So tell me: In this context, with the White House forming an alliance in all but name with the fascist butchers in Moscow, how would you like to be a Ukrainian politician known as Donald Trump’s pick to replace Volodymyr Zelensky? Do you think that would boost your chances at the polls if an election were called?
Or would you be viewed as a Ukrainian quisling?
It speaks volumes about how gravely Trump has offended Ukrainian patriotism that the one man with a realistic chance of unseating Zelensky sounds more hostile to the United States than Zelensky does. Valerii Zaluzhnyi, Ukraine’s former top general and now its ambassador to the United Kingdom, accused Trump on Thursday of nothing less than “destroying” the world order. “Washington is taking more and more steps toward the Kremlin regime at a time when Russia and the Axis of Evil are attempting to dismantle the global order,” he said in a tweet, entirely accurately.
Zaluzhnyi is currently in second place in Ukrainian presidential polling with 20 percent, far behind Zelensky at 44 percent. The two would-be quislings being courted by Trump’s team have a combined 16 percent. As with Canada, so too here: If Trump wants something out of Ukrainians, why did he pursue a strategy of mounting hostility that was plainly destined to stoke patriotic resistance to his intentions?
Which chapter in Trump: The Art of the Deal explains why it’s good for business to make your negotiating partners despise you as intensely as possible, especially when those partners have a lot more leverage over you than you’d like to admit?
Strategy or psychology?
I don’t know why nationalists are so intent on offending the national pride of others, but I find it notable that it’s not just the naturally boorish Trump who’s prone to it.

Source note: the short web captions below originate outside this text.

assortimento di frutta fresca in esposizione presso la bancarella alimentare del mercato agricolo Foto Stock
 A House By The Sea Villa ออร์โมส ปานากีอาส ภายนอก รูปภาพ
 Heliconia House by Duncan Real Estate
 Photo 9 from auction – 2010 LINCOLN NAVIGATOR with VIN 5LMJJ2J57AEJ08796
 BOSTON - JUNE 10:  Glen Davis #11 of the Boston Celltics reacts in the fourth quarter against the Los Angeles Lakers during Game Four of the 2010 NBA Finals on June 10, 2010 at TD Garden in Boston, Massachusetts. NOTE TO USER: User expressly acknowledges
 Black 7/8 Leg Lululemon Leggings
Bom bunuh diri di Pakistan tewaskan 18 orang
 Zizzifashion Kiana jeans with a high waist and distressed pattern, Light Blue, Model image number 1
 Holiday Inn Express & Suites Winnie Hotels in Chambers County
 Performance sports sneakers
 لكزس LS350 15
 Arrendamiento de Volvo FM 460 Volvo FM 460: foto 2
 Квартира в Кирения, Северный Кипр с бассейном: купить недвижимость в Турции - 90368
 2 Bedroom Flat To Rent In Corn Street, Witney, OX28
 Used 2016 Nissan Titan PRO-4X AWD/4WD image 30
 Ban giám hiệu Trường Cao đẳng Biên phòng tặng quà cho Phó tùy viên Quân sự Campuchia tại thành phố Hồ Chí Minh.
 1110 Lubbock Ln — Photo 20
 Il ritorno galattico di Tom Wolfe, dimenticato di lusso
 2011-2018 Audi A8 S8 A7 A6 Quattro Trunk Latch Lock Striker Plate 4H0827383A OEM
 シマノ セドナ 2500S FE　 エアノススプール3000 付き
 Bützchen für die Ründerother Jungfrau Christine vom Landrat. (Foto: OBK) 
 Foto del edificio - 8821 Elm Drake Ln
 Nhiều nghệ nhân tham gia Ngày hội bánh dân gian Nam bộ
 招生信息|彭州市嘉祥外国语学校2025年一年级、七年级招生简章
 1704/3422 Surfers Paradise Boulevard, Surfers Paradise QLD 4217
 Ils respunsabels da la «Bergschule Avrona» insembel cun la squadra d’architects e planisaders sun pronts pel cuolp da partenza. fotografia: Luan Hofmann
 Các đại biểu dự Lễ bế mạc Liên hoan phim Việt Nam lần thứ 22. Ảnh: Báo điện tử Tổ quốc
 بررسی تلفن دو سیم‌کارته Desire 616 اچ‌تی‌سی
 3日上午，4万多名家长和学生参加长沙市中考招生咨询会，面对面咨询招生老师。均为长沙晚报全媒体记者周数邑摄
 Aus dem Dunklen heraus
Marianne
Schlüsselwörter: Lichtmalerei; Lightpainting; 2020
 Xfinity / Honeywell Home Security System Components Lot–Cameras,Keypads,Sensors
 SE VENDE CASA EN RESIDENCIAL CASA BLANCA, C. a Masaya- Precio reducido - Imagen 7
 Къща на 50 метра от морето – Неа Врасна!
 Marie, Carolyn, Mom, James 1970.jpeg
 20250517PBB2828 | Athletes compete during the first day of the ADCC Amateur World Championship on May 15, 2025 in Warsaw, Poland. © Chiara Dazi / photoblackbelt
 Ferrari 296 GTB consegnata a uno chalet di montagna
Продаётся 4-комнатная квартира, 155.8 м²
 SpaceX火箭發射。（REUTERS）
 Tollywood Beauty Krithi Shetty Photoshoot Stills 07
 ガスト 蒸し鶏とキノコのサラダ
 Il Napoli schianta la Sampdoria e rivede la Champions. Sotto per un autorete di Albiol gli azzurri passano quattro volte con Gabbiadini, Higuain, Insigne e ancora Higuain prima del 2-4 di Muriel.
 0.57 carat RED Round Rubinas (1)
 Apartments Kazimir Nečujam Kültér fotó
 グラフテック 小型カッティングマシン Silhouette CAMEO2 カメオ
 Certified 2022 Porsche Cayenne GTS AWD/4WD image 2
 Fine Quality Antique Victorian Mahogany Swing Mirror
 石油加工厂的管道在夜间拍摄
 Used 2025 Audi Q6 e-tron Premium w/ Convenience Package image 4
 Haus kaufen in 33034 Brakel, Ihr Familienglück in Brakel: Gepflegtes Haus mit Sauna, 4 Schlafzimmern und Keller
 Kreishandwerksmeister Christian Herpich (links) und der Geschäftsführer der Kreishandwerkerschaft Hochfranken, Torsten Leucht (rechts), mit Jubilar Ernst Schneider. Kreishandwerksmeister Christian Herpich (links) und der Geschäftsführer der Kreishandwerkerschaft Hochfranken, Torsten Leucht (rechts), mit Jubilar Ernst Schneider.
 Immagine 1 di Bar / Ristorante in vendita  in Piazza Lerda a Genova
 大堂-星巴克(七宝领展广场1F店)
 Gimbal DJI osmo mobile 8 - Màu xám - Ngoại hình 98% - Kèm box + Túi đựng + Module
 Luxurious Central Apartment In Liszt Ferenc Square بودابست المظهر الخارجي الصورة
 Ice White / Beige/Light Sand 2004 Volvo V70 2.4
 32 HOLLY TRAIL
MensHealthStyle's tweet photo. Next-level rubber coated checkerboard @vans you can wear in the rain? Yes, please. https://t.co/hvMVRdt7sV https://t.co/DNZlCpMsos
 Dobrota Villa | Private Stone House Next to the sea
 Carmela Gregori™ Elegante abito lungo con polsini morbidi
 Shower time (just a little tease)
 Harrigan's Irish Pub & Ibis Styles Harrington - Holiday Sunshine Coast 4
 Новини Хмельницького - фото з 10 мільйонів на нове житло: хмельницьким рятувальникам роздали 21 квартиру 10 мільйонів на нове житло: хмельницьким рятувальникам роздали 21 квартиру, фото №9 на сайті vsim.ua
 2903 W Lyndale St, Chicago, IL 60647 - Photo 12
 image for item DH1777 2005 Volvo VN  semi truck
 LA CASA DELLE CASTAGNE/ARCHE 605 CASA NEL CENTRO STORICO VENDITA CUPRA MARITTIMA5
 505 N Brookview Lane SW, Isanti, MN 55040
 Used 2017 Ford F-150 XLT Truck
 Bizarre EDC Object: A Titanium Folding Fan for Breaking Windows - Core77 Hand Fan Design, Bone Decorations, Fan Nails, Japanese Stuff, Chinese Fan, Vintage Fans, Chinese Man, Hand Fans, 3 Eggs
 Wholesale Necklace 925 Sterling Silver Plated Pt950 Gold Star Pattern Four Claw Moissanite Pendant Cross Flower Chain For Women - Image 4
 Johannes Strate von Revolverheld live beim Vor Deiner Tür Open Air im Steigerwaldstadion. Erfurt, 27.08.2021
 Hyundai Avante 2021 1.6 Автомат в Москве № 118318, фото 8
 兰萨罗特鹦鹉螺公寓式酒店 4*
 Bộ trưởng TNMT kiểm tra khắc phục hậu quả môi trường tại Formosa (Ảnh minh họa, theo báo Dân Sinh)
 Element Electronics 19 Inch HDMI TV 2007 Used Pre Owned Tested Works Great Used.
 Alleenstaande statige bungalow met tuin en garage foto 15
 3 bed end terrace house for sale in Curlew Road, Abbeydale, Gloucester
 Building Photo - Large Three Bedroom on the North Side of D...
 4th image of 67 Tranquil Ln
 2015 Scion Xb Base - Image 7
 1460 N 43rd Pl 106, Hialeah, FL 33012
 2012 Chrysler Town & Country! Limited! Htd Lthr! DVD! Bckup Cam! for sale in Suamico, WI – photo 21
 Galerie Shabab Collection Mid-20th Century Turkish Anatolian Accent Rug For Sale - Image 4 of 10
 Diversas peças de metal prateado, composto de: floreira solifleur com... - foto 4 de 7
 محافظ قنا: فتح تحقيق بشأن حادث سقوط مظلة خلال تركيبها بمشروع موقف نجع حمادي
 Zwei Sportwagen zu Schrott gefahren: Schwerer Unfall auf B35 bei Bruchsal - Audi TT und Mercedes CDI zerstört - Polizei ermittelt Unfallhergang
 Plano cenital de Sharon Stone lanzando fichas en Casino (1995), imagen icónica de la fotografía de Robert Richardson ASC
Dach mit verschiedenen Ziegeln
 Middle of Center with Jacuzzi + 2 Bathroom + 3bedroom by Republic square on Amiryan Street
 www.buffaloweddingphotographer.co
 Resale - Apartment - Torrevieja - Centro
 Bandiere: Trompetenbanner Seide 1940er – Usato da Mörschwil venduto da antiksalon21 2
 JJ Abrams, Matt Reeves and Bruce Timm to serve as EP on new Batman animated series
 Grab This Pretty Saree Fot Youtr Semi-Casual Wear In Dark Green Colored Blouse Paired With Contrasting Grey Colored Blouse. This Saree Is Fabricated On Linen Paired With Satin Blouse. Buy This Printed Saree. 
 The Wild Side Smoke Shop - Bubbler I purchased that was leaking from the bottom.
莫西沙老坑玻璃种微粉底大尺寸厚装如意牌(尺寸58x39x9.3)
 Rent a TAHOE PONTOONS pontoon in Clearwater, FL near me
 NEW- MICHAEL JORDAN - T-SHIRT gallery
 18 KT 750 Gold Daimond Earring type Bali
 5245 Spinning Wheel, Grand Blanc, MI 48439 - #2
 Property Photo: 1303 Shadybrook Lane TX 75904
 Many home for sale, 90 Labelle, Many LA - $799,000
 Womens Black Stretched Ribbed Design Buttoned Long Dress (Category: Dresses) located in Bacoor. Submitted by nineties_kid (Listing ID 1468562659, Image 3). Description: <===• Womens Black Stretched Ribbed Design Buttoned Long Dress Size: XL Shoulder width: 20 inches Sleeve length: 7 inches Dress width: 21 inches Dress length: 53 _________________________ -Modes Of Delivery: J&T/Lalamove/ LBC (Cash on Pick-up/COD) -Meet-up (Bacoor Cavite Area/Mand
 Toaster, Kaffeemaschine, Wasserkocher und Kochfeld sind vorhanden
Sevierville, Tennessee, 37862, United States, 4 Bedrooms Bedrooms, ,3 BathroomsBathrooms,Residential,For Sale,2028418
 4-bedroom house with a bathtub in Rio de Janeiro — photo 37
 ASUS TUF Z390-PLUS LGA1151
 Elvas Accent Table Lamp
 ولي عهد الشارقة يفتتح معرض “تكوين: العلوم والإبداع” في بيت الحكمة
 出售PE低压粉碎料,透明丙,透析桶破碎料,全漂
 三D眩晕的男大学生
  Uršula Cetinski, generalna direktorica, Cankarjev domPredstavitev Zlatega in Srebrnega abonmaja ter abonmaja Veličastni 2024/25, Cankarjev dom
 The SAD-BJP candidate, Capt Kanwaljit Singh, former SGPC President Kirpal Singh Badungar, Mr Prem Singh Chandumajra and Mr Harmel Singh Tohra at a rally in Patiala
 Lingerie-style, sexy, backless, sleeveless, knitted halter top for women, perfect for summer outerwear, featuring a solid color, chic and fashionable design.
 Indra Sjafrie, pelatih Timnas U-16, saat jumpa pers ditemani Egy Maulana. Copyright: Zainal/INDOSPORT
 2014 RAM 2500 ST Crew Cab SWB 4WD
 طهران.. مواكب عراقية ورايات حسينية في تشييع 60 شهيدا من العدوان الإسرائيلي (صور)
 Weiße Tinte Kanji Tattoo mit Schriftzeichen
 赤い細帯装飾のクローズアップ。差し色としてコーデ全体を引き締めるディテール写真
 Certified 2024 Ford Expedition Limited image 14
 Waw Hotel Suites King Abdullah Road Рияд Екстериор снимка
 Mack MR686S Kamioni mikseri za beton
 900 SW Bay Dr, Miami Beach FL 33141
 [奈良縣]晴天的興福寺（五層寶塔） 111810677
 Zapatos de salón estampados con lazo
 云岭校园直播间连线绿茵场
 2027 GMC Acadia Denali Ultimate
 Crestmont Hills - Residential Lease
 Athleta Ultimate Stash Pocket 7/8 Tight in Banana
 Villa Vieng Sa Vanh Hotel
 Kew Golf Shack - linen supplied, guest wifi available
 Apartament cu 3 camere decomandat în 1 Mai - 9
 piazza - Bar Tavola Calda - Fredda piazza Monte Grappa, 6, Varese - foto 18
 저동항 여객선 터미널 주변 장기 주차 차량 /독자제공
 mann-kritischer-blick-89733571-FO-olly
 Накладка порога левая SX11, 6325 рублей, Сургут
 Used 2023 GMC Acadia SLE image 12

A few days ago, our ostensibly intelligent vice president babbled his way into an international incident when he scoffed at the idea of European peacekeepers being sent to Ukraine. A minerals deal with the U.S. is “a way better security guarantee than 20,000 troops from some random country that hasn’t fought a war in 30 or 40 years,” he crowed during an interview.
Thirty or 40 years?
The countries whose leaders are the most vocal spokesmen for a peacekeeping force are Britain and France—and both suffered hundreds of casualties in Afghanistan fighting with Americans when the U.S. invoked Article 5 of the NATO treaty after September 11. Vance tried to clean up his mess afterward by insisting that he wasn’t referring to those two countries, but no one is buying it. And even if he truly hadn’t meant Britain or France, more than two dozen other “random countries” also lost men by supporting the U.S. effort in Afghanistan.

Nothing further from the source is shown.